W związku z tym głos zabrali radni opozycji, głównie Wojciech Kolanko - Pomijam, że inne były pana prezydenta założenia, inaczej mówiło się kilka miesięcy temu – zaczął swoja wypowiedź, następnie radny Kolanko odwołał się do wspomnianego uzasadnienia uchwały i zwrócił wprost do prezydenta - Prosiłbym pana prezydenta o ujawnienie, o jakich inwestorów chodzi?
- Odbyłem spotkania, zapowiadane, z przedstawicielami firm z Włoch, w tym kontekście po dwóch godzinach rozmów padły stwierdzenia, jednoznaczne, zainteresowania zakupem nieruchomości związane z podjęciem działalności produkcyjnej w Krośnie w ramach Strefy Ekonomicznej "Europark Mielec" - mówił prezydent.
Radny kolanko stwierdził, ze w projektach uchwał bardzo często pojawiają się określenia, kto jest zainteresowany terenem. - Nie widzę powodu, żeby to utajniać. Włochy to jest bardzo duże państwo - podkreślał radny Kolanko przekonując, że samo określenie "firma z Włoch" nic nie mówi - Mnie interesuje konkretnie, jakie firmy z Włoch planują nabyć ten teren i co planują tu robić? Uważam, że wszyscy radni powinni być o tym poinformowani, jeżeli mają świadomie głosować w sprawie uchwały – mówił W. Kolanko.
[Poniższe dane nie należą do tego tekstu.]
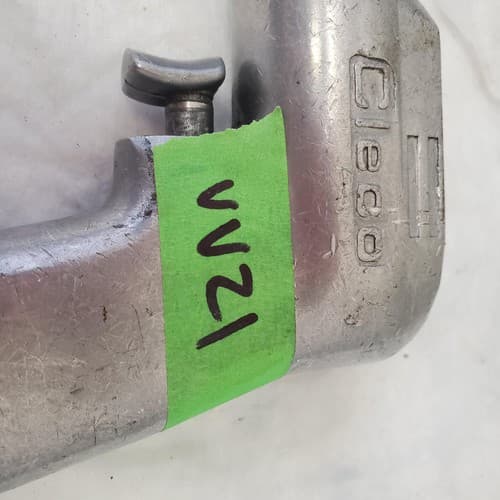 Cleco Pistol Grip Pneumatic Air Drill Air Tool VV-21 - Thumbnail 2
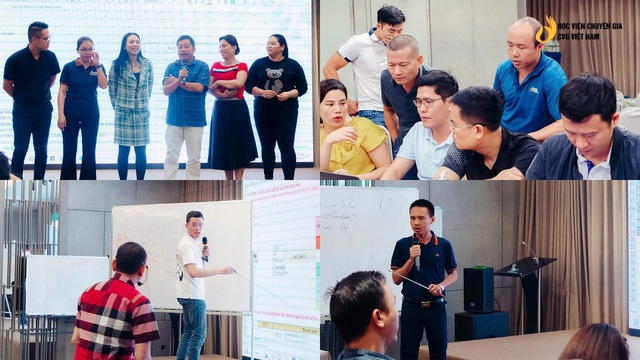 Học viện chuyên gia CVG Việt Nam – Hành trình tiên phong nâng tầm trí tuệ doanh chủ - Ảnh 3.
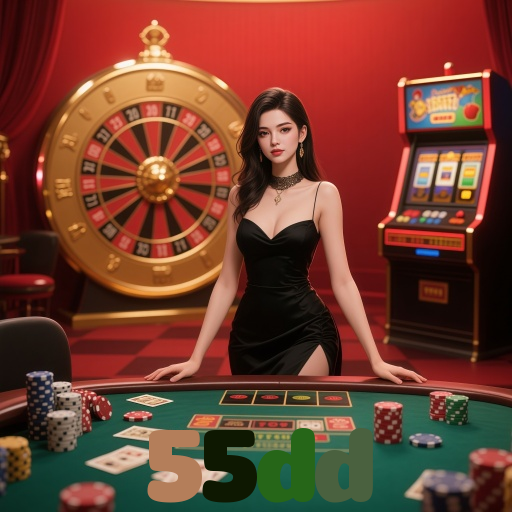 A Magia dos Jogos de Fantasia na 55dd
- Są pewne zasady rozmów w tym zakresie i zasady wyłaniania inwestorów, który mogą działaś w SSE. Chodzi o firmy, które specjalnie zostaną założone żeby prowadzić produkcję w Krośnie. Nie będę zdradzał nazwiska właściciela, który prowadzi już podobną produkcję we Włoszech, a tutaj jest zainteresowany obniżeniem kosztów i inwestowaniem przy tych ulgach, które oferuje SSE - odpowiadał Piotr Przytocki. - Dopóki nie ma listu intencyjnego, to nie ma oficjalnych informacji, dopóki nie ma stanowiska Rady, to nie ma listu intencyjnego. To jest proste - tłumaczył Prezydent.
Radny Kolanko pytał następnie, czy nie może być, tak jak w innych przypadkach, że najpierw jest list intencyjny. - Jeżeli chcemy opóźniać proces inwestycyjny, to możemy tak robić - odpowiadał prezydent.
Stanisław Słyś, przewodniczący Rady, podkreślił, ze przynajmniej część radnych ma do prezydenta w tych sprawach zaufanie. - Jako Klub Samorządowy nie mamy w tej sprawie zastrzeżeń - mówił Stanisław Słyś.
W głosowaniu za zgodą na sprzedaż kolejnych ponad 9 ha terenów inwestycyjnych opowiedziało się 15 radnych (Klub Samorządowy i Klub PO). 4 głosowało przeciw (PiS) , 2 wstrzymało się od głosu (również PiS).